I think I'm in love. Again. This time, though, it's with a textbook.
It shouldn't be possible. Nor is it seemly or respectable or, let's be honest, normal. But when I clicked through on the links, first from email, then to catalogue and to website, intrigued by this new textbook in Canadian history, I finally came to a sample chapter. That's when I fell in love.
For years now I have been hoping someone would write a beautiful, engaged, comprehensive, narrative history of Canada. And there it was. Easy and accessible, but engaging. Not broken up with excessive sidebars and moving from theme to theme to theme to sub-theme, not forgetting this old character - and 'oh, look at this article I've read recently' kind of textbook.
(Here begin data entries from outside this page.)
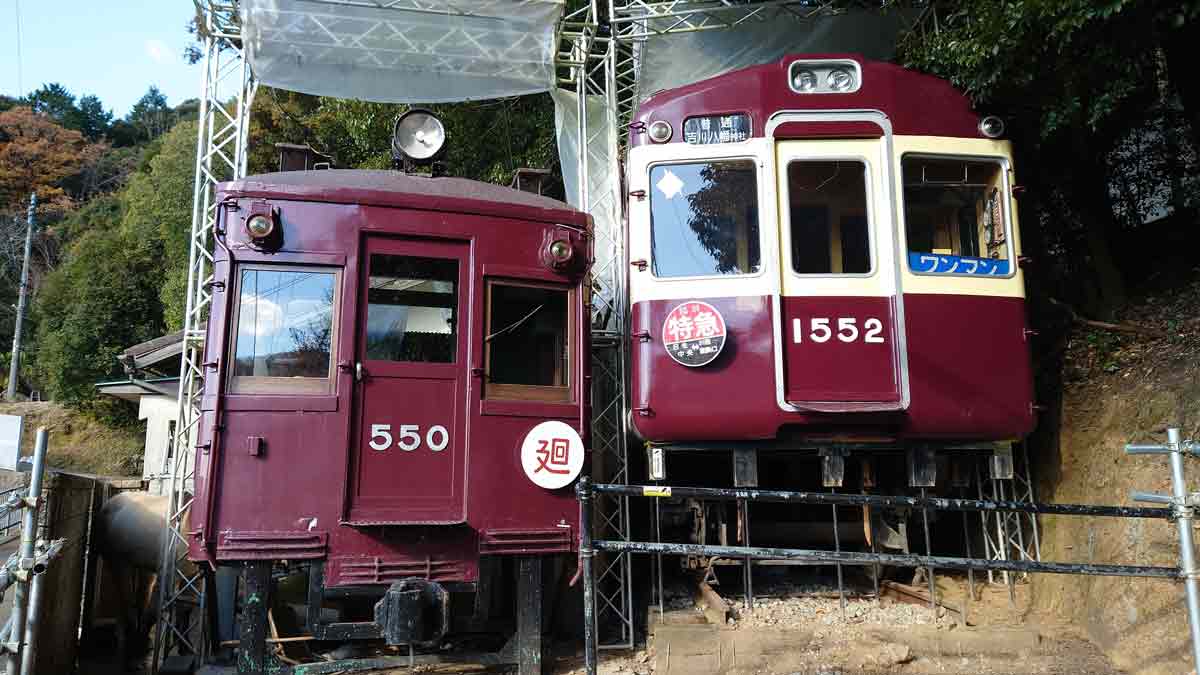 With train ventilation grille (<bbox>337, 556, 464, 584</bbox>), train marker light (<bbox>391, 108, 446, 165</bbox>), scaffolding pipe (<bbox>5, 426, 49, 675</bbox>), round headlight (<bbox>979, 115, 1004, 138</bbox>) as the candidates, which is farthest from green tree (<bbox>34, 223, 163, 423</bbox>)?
round headlight (<bbox>979, 115, 1004, 138</bbox>)

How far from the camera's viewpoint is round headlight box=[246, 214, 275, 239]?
4.62 m

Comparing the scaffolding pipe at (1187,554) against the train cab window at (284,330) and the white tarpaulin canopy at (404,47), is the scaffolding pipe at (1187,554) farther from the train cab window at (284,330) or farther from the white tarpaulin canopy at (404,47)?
the white tarpaulin canopy at (404,47)

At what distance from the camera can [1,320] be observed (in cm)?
2658

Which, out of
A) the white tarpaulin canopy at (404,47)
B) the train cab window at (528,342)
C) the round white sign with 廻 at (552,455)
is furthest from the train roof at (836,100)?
the white tarpaulin canopy at (404,47)

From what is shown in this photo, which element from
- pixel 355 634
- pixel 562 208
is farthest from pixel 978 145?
pixel 355 634

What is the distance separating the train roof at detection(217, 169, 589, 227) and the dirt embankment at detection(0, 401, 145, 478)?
18.4 m

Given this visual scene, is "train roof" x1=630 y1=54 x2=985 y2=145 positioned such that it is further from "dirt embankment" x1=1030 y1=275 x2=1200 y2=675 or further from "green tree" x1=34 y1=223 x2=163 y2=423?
"green tree" x1=34 y1=223 x2=163 y2=423

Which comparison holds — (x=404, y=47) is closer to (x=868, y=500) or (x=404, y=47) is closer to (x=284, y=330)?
(x=284, y=330)

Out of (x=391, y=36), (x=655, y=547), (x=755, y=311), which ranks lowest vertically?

But I'm forgetting to say who it is. I'm not the jealous type, and textbooks are for sharing. Take a look yourself at Narrating a Nation. It comes in pre and post confederation volumes, and the authors are Raymond Blake, Jeff Keshen, Norman Knowles and Barbara Messamore.
The sample chapter for the post-Confederation volume deals with the years of the Great War. And, wonder of wonders, it actually deals with the war, with the grimy reality, the mud-up view, as well as the many important domestic implications, and not even forgetting the Progressives and the 1919 hoopla.
The only funny bit that stuck out was this line about Mackenzie King, when they note how socially awkward and pudgy he was but then say that, no matter:
'King was a master political tactician with an astonishing ability to read the public mood, build coalitions, impress the right people, make the right friends, and demolish his enemies.'
This is definitely cart-before-the-horse writing. Folks might have started saying this by the summer of 1940, or perhaps the most astute might have said it late in 1926. Not in 1919.
But who am I to complain? Every love affair has to have its little blemishes.
Oh, and no one (alas) paid me to write this!